(Provided records Opens)
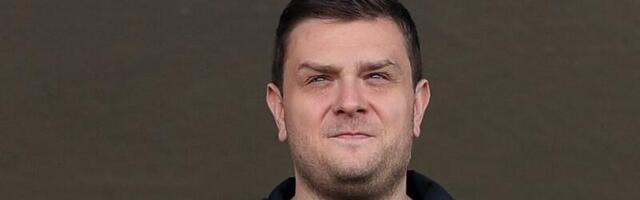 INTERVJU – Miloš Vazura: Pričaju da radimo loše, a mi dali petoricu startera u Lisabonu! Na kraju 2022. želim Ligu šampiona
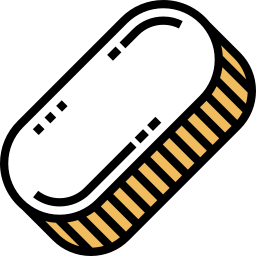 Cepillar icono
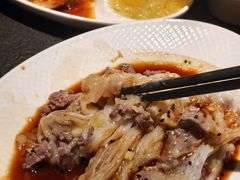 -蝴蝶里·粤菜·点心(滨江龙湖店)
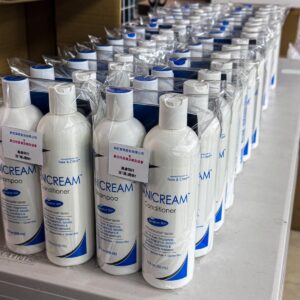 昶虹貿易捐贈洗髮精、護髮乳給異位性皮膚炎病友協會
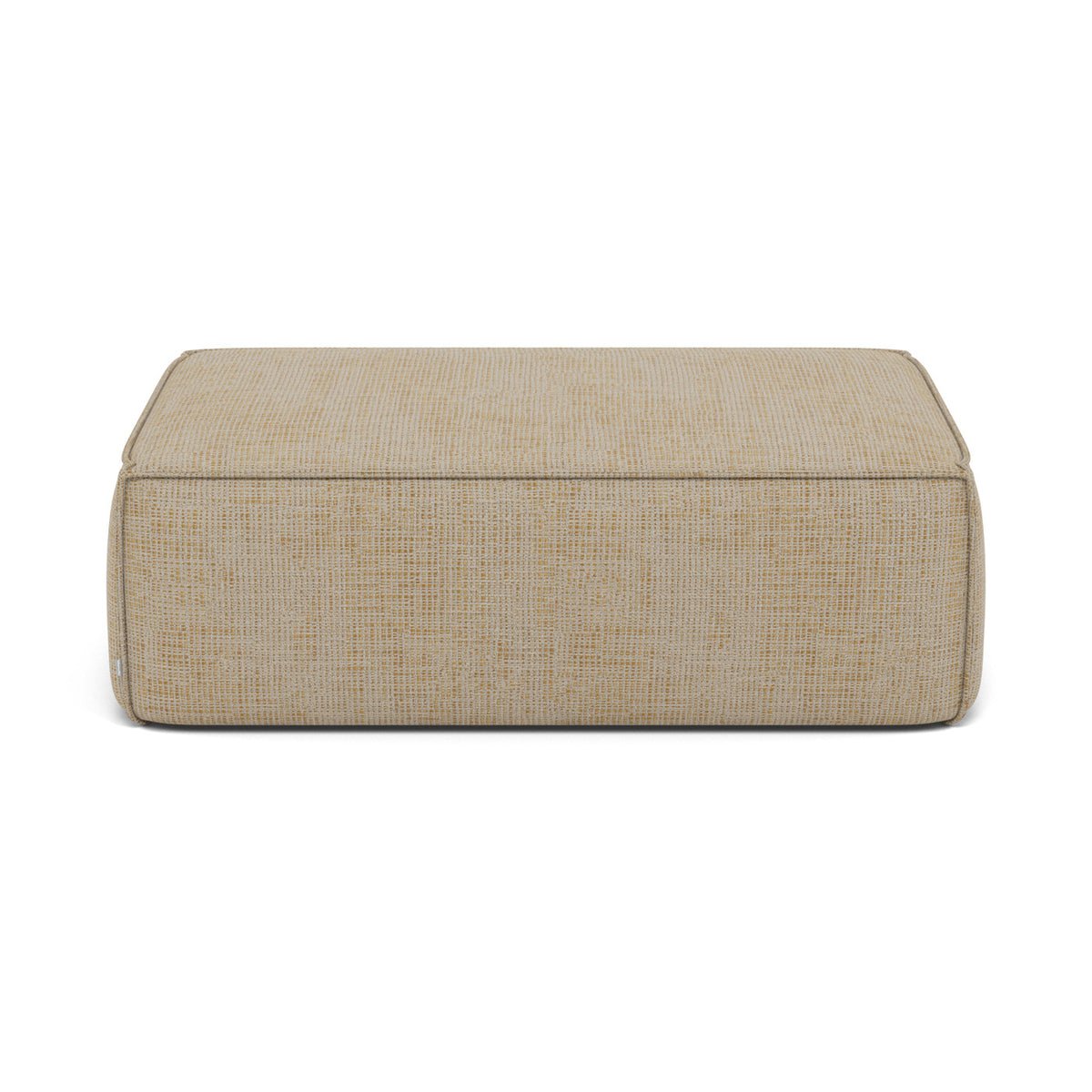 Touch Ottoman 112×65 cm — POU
(Provided records Closes)
Excluding every picture, write out each record word for word.

 INTERVJU – Miloš Vazura: Pričaju da radimo loše, a mi dali petoricu startera u Lisabonu! Na kraju 2022. želim Ligu šampiona
 Cepillar icono
 -蝴蝶里·粤菜·点心(滨江龙湖店)
 昶虹貿易捐贈洗髮精、護髮乳給異位性皮膚炎病友協會
 Touch Ottoman 112×65 cm — POU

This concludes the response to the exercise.